◆ **Work order**:
Nothing but the lines from the one with "Ilazer Blue Suede" through the last line of the entries below should appear in the copy, please, and no pictures.

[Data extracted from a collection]
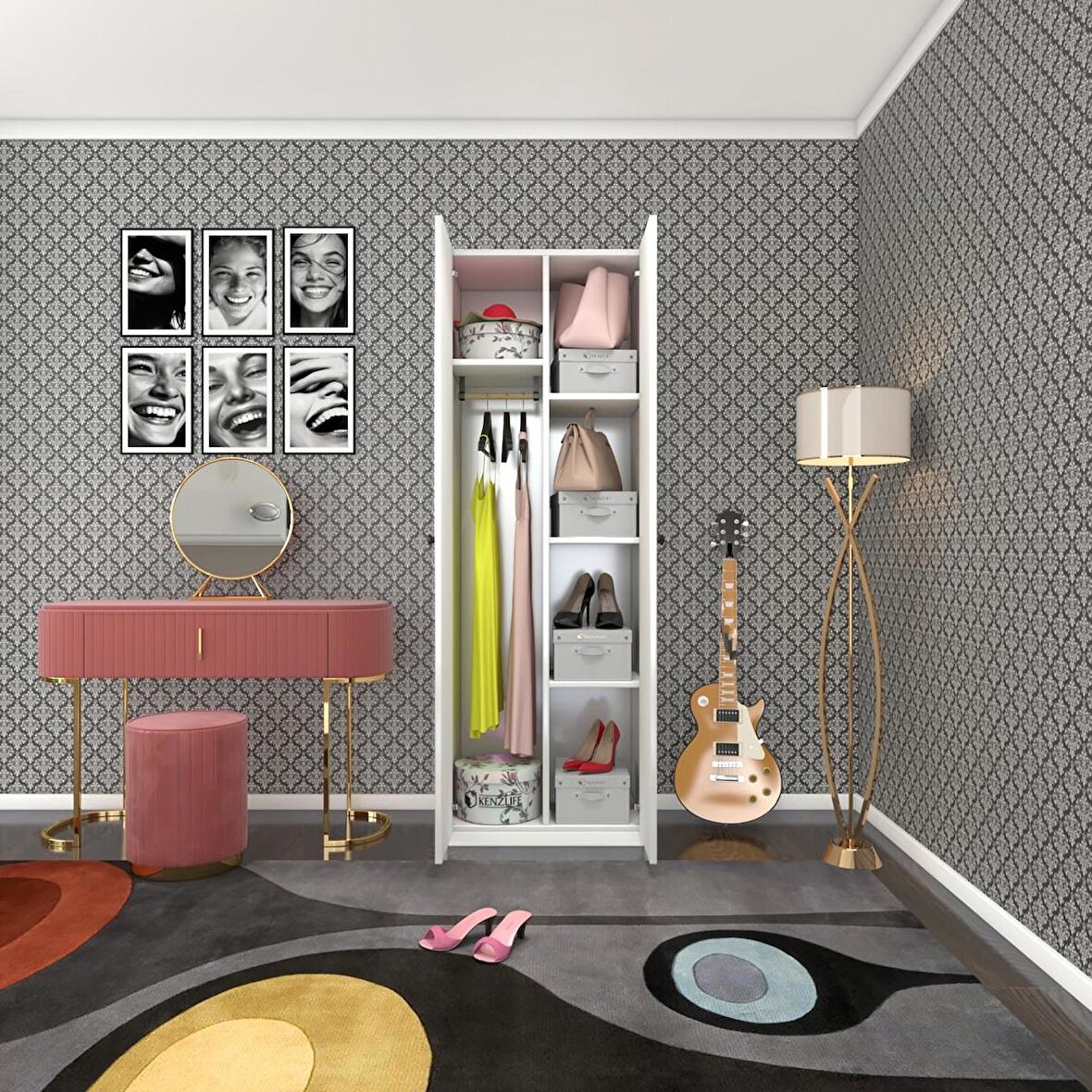Kenzlife gardırop 2 kapılı kapaklı leylak byz 173*60*42 gardolap dolap ofis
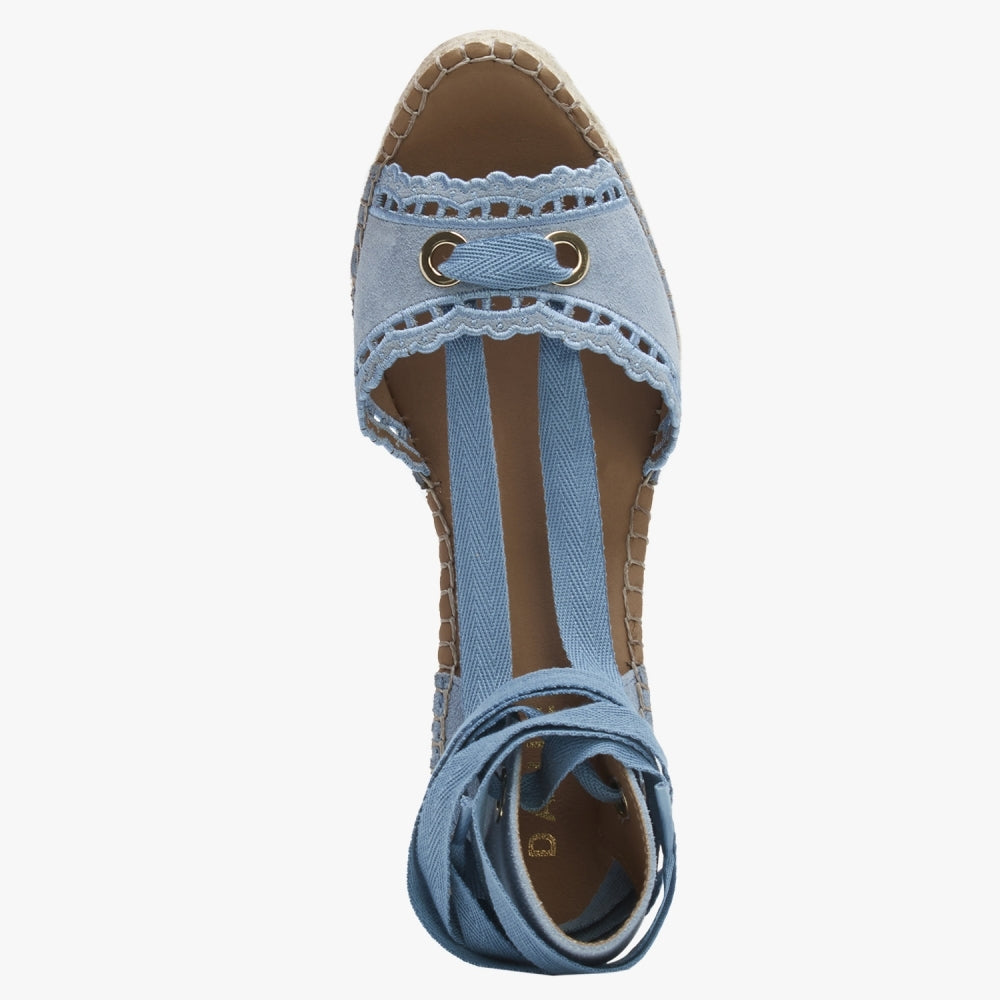 Ilazer Blue Suede Laser Cut Edge Ankle Tie Wedge Espadrilles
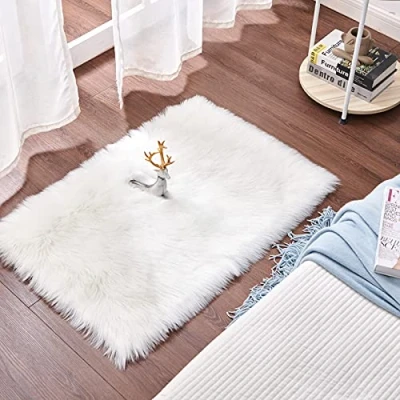 Image of Cumay Super Soft Faux Sheepskin Rug,Rugs living room, Shaggy Bedroom Area Rug Fur Bedside Rugs (white, 23.6 x 35.4 inch)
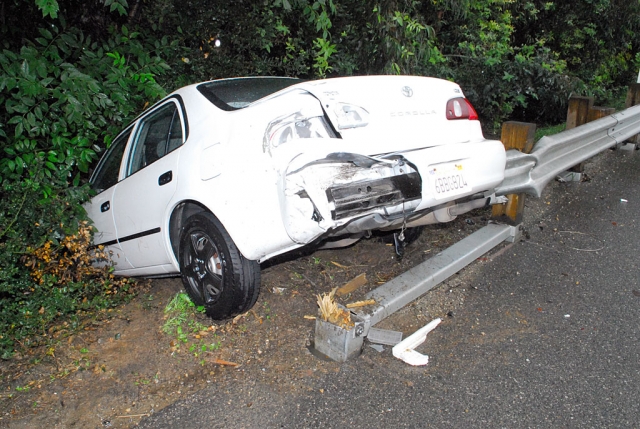 A three car accident occurred on Highway 126 near Atmore Road Tuesday about 11:21 p.m. One person in the Chevrolet van was transported to a local hospital with undetermined injuries. The second vehicle, a Toyota Camry, crashed through a steel barrier. No report of any injuries in the car were available. Heavy rain contributed to the collision.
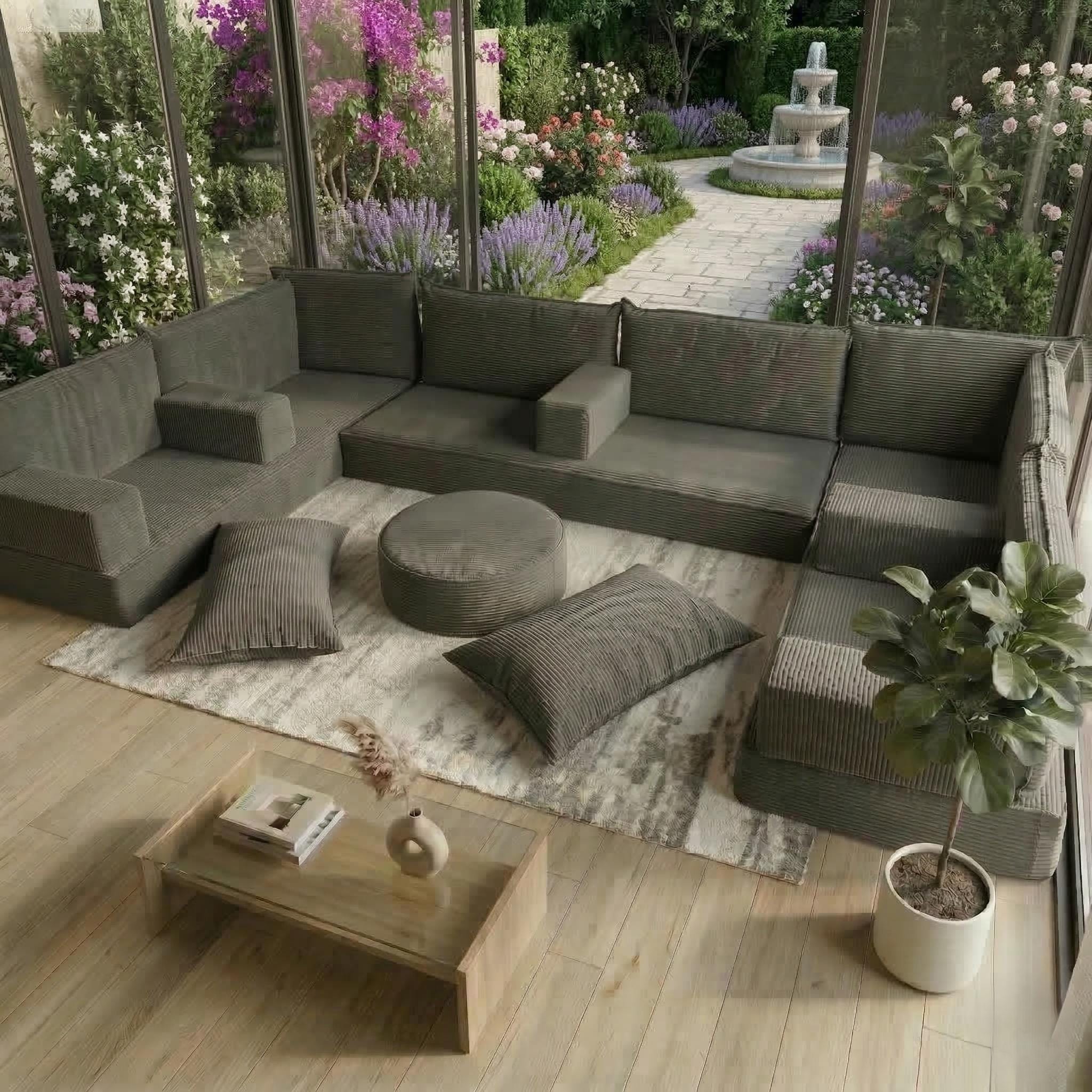 Velvet U-style Modular Floor Seating Couch, Corduroy Sofa Cushion, Traditional Home Decor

◆ **Solution**:
 Ilazer Blue Suede Laser Cut Edge Ankle Tie Wedge Espadrilles
 Image of Cumay Super Soft Faux Sheepskin Rug,Rugs living room, Shaggy Bedroom Area Rug Fur Bedside Rugs (white, 23.6 x 35.4 inch)
 A three car accident occurred on Highway 126 near Atmore Road Tuesday about 11:21 p.m. One person in the Chevrolet van was transported to a local hospital with undetermined injuries. The second vehicle, a Toyota Camry, crashed through a steel barrier. No report of any injuries in the car were available. Heavy rain contributed to the collision.
 Velvet U-style Modular Floor Seating Couch, Corduroy Sofa Cushion, Traditional Home Decor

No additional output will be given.